RECORD EXTRACTS:
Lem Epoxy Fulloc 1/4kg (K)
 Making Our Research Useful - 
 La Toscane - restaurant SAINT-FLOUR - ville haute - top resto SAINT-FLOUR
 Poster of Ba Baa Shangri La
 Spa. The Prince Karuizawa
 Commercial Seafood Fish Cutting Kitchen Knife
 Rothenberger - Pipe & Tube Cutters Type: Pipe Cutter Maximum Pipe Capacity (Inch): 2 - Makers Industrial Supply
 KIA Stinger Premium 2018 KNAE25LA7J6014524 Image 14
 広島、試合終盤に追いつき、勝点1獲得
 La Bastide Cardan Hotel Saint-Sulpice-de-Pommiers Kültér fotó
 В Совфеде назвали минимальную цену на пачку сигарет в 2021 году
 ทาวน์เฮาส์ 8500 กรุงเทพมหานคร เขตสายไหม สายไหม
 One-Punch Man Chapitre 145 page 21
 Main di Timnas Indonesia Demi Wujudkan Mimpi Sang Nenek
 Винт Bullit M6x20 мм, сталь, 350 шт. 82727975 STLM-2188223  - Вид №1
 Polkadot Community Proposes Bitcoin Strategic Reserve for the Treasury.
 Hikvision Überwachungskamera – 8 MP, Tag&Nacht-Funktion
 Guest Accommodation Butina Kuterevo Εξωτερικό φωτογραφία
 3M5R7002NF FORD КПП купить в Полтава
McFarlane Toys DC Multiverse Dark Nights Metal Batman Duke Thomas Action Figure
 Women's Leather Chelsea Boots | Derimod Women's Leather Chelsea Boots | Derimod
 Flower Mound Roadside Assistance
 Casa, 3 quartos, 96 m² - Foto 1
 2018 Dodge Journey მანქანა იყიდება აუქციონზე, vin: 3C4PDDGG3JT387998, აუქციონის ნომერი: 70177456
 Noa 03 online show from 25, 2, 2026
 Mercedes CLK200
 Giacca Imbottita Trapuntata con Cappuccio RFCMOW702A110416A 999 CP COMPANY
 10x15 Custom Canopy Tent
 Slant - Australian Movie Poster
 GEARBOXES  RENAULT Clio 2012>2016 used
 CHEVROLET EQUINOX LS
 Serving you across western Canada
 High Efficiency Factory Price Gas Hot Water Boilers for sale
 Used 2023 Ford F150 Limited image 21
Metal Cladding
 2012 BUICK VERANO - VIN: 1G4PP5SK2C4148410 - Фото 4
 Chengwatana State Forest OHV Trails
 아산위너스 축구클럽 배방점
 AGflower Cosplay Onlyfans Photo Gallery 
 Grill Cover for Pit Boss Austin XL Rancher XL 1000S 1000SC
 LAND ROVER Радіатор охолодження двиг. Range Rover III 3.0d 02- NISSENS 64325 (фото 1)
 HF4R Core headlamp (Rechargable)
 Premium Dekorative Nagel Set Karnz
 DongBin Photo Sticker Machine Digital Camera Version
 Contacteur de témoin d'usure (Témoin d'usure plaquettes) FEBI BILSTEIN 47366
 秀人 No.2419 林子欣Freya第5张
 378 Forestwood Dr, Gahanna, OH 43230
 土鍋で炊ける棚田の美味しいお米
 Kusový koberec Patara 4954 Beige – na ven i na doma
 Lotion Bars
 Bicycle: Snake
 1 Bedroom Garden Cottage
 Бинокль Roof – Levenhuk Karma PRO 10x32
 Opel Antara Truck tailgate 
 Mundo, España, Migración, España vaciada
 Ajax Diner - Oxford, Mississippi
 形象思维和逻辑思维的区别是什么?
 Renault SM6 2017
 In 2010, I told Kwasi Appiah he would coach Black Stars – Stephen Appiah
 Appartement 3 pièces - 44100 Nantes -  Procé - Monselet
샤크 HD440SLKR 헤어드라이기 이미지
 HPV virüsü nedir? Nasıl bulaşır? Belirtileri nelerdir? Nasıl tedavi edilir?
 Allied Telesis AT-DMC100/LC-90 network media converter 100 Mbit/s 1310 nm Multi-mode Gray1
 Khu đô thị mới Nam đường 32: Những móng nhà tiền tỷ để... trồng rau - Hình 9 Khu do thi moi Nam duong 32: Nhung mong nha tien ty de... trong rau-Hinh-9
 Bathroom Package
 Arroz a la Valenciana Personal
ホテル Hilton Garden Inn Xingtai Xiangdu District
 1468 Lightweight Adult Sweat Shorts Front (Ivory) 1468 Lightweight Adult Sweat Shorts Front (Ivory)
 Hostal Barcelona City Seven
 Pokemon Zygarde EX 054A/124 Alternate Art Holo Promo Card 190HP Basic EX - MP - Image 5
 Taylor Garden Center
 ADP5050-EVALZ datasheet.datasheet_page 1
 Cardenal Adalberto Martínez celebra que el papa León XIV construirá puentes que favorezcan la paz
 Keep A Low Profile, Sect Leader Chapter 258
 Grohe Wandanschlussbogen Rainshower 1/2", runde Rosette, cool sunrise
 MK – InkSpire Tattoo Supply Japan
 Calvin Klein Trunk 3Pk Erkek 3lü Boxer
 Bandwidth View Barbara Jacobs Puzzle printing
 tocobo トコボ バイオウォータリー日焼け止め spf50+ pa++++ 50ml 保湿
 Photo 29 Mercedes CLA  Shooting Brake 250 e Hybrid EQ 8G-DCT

ASSIGNMENT: Lines to set down from above: the line with "DongBin Photo Sticker", the line with "HPV virüsü nedir?", and every line between, each exactly as written.

EXERCISE OUTPUT:
 DongBin Photo Sticker Machine Digital Camera Version
 Contacteur de témoin d'usure (Témoin d'usure plaquettes) FEBI BILSTEIN 47366
 秀人 No.2419 林子欣Freya第5张
 378 Forestwood Dr, Gahanna, OH 43230
 土鍋で炊ける棚田の美味しいお米
 Kusový koberec Patara 4954 Beige – na ven i na doma
 Lotion Bars
 Bicycle: Snake
 1 Bedroom Garden Cottage
 Бинокль Roof – Levenhuk Karma PRO 10x32
 Opel Antara Truck tailgate 
 Mundo, España, Migración, España vaciada
 Ajax Diner - Oxford, Mississippi
 形象思维和逻辑思维的区别是什么?
 Renault SM6 2017
 In 2010, I told Kwasi Appiah he would coach Black Stars – Stephen Appiah
 Appartement 3 pièces - 44100 Nantes -  Procé - Monselet
샤크 HD440SLKR 헤어드라이기 이미지
 HPV virüsü nedir? Nasıl bulaşır? Belirtileri nelerdir? Nasıl tedavi edilir?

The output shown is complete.